Pursuant to Section 13 or 15(d) of the

Securities Exchange Act of 1934

Date of report (Date of earliest event reported) April 27, 2011

 

 

SBA Communications Corporation

(Exact Name of Registrant as Specified in its Charter)

 

 

 

Florida   000-30110   65-0716501

(State or Other Jurisdiction

of Incorporation)

 

(Commission

File Number)

 

(IRS Employer

Identification No.)

5900 Broken Sound Parkway N.W.

Boca Raton, FL

  33487
(Address of Principal Executive Offices)   (Zip Code)

Registrant’s telephone number, including area code: (561) 995-7670

(Former name or former address, if changed since last report)

 

 

Check the appropriate box below if the Form 8-K filing is intended to simultaneously satisfy the filing obligation of the registrant under any of the following provisions (see General Instruction A.2. below):

 

¨ Written communications pursuant to Rule 425 under the Securities Act (17 CFR 230.425)

 

¨ Soliciting material pursuant to Rule 14a-12 under the Exchange Act (17 CFR 240.14a-12)

 

¨ Pre-commencement communications pursuant to Rule 14d-2(b) under the Exchange Act (17 CFR 240.14d-2(b))

 

¨ Pre-commencement communications pursuant to Rule 13e-4(c) under the Exchange Act (17 CFR 240.13e-4(c))

 

 

 


Item 2.02 Results of Operations and Financial Condition.

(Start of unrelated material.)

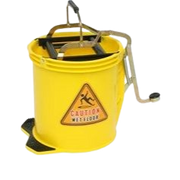 Roller Wringer Bucket - Yellow, 16L Capacity
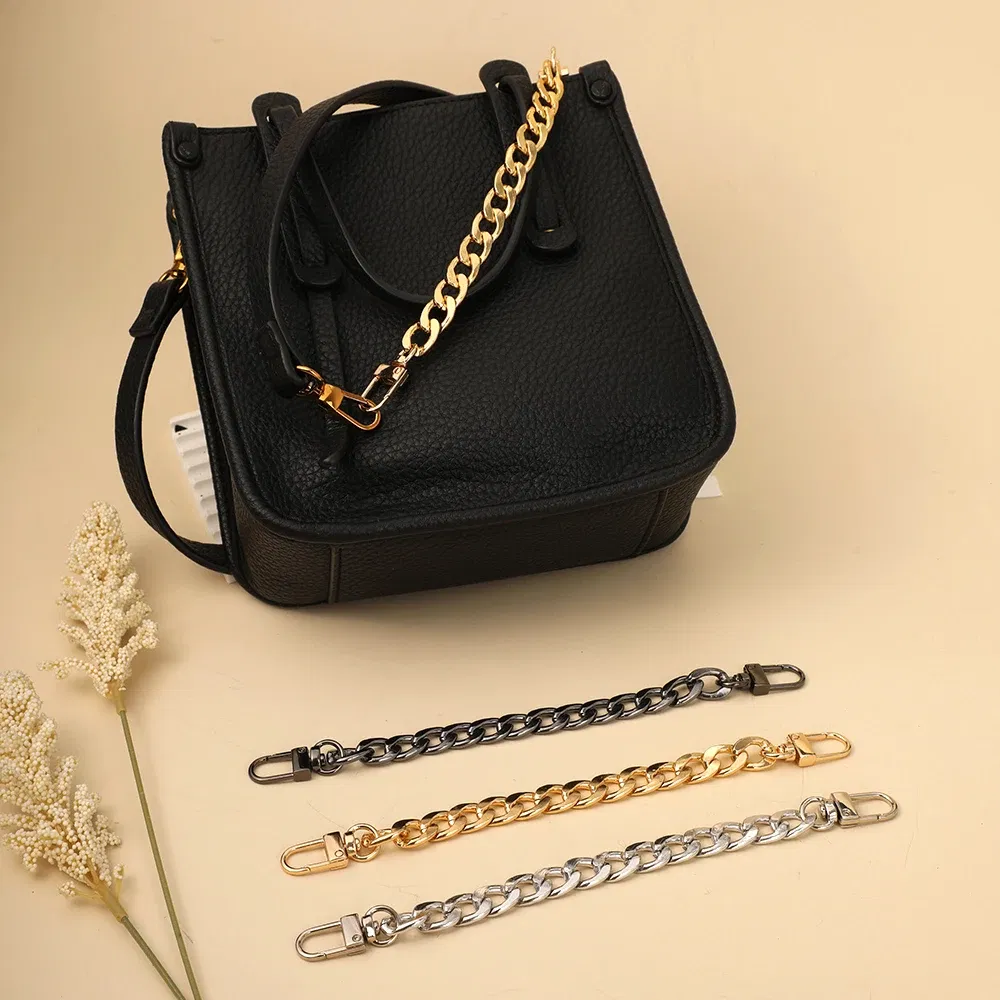 Color: Rose Gold - 20cm Bag Chain Accessory Gold Shoulder Bag Extension Chain Metal Bag Chain Strap Crossbody Bag Parts Belt Chain Bags Gold Black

On April 28, 2011, SBA Communications Corporation (the “Company”) issued a press release announcing its financial and operational results for the first quarter ended March 31, 2011, and providing its second quarter 2011 and updating its full year 2011 guidance. A copy of the press release is furnished as Exhibit 99.1.

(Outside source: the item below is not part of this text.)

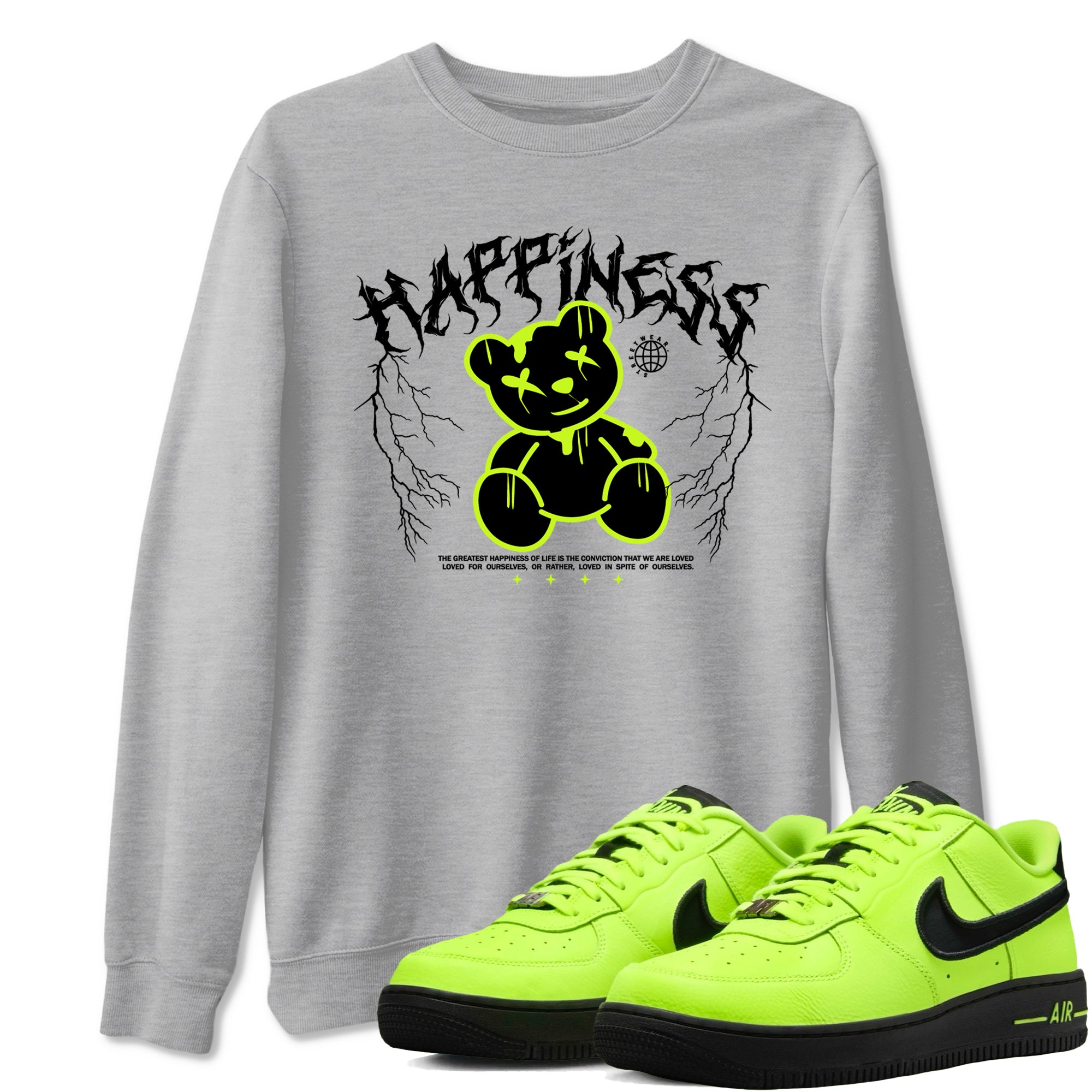 Happiness Bear snkmatch Tees - Air Force 1 Volt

The press release contains non-GAAP financial measures, including (i) Site Leasing Segment Operating Profit, Site Development Segment Operating Profit and Segment Operating Profit Margin, (ii) Tower Cash Flow and Tower Cash Flow Margin, (iii) Adjusted EBITDA, Annualized Adjusted EBITDA and Adjusted EBITDA Margin, (iv) Net Debt, Net Secured Debt, Leverage Ratio and Secured Leverage Ratio (collectively, our “Non-GAAP Debt Measures”) and (v) Equity Free Cash Flow and Equity Free Cash Flow Per Share.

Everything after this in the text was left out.